Abro con Efialtes de Tesala, por ser el más antiguo, guiando a los persas de Jerjes por nocturnos senderos para terminar por fin con la obstinada resistencia de sus compatriotas espartanos en Termópilas. También Audax, Ditalco y Minuro, decepcionados al ver a Roma declarar suspensión de pagos ante el cadáver aún caliente de Viriato. Por supuesto, Marco Junio Bruto —que como todo el mundo sabe, y si no ya se encargó Shakesperare de recordarlo, era un hombre honorable— en el Senado, limpiando la daga en su toga. Dalila, la primera peluquera de la historia por encargo de los filisteos, contemplando el sereno dormir de Sansón. Y, cómo no, el que le ha puesto nombre al asunto, Judas el Iscariote, que invirtió sus treinta monedas de plata en bitcoins y, arruinado, decidió colgarse de un olivo.
Por los locales, el conde don Julián, que no sabía la que estaba montando mientras veía pateras cruzando el Estrecho allá por el siglo VIII. O Bellido Dolfos, hijo de Dolfos Bellido, ejecutor y hacedor de reyes que consiguió de paso que el Cid se fuera al destierro con doce de los suyos, que decía Machado, el otro. Y la Malinche, vendiendo a todo un imperio por ese señor de Medellín tan apuesto que quizás le garantizase una tarjeta de extranjería en la UE. Añado a Antonio Pérez, secretario en la corte de Felipe II; pudiendo haberse dedicado como Iván Redondo a escribir en la Vanguardia acabó penando en Turégano.

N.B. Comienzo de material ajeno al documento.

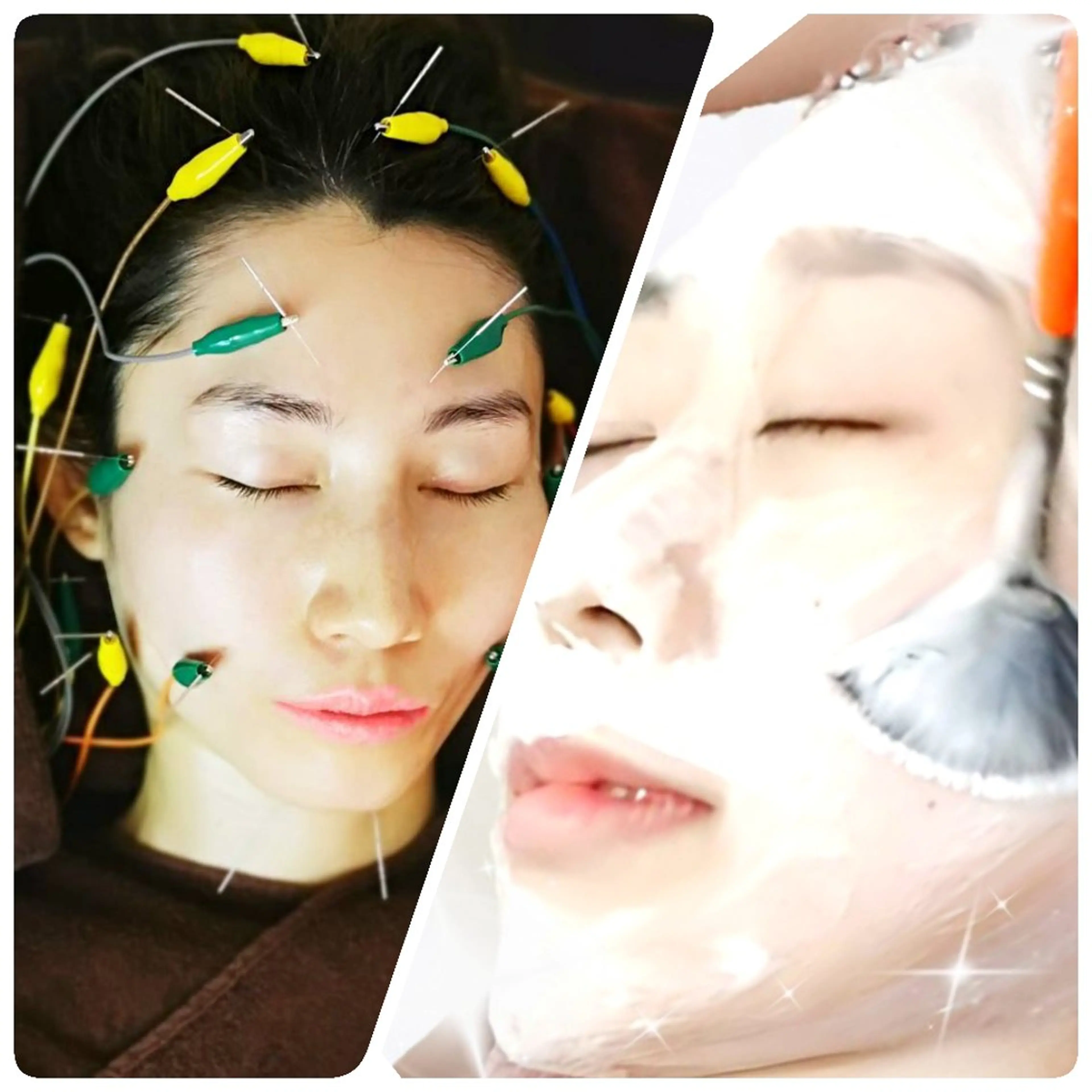 【小顔・透明感・ツヤ肌】ララピール🍊+美容鍼🪡【ニューハーフ鍼灸師の最強肌管理】の写真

Arquetípico Claudio, tío del pensativo Hamlet: asesinando al padre, casándose con la madre y todo para que Disney lo retratase como un desmadejado león de negra melena. Desconocido quizás Benedict Arnold, que en la guerra de la independencia estadounidense decidió rendir West Point a las fuerzas británicas. ¿No sabía que era verdadera devoción por West Point lo que tenían en ese pueblo? O Napoleón —la semana que viene se estrena peli, a ver qué tal— firmando el tratado de Fontainebleau para luego pasárselo por el forro de sus pantalones de montar Josefinas. Y con él, nuestro felón favorito, Fernando VII, personaje que sí que merecería una película, aunque a ver quién es el guapo que la interpreta. Completando la terna, Talleyrand, saltando del bando imperial al de la restauración borbónica sin despeinar su empolvada peluca.
Quizás no les suene tanto, estimados tres lectores, pero sumo a Robert Ford, que le metió un limpio tiro en la cabeza —por la espalda— a su compañero de fechorías Jesse James. Y ya en el siglo pasado, el mariscal Pétain, héroe en una guerra y colaboracionista en otra. Los cinco de Cambridge, que hicieron rico a le Carré. Los Rosenberg, feliz matrimonio aficionado a los secretos atómicos hasta que un día sintieron el cosquilleo de la corriente eléctrica en sus cuerpos. Y Fredo, el Corleone más humano y quizás enternecedor, lanzando su caña al lago Tahoe en la segunda película de la trilogía. Siguiendo con la ficción, Saruman, ese mago blanco amigo de Gandalf que transita de un poder a otro en su torre de Isengard. Pero si hablamos un blanco transitado desde otros colores, desde luego que mi condición blaugrana me obliga a cerrar la lista con Luis Figo y la famosa cabeza de cerdo.
Y desde ayer, entre todos ellos, el primero de ellos, Él.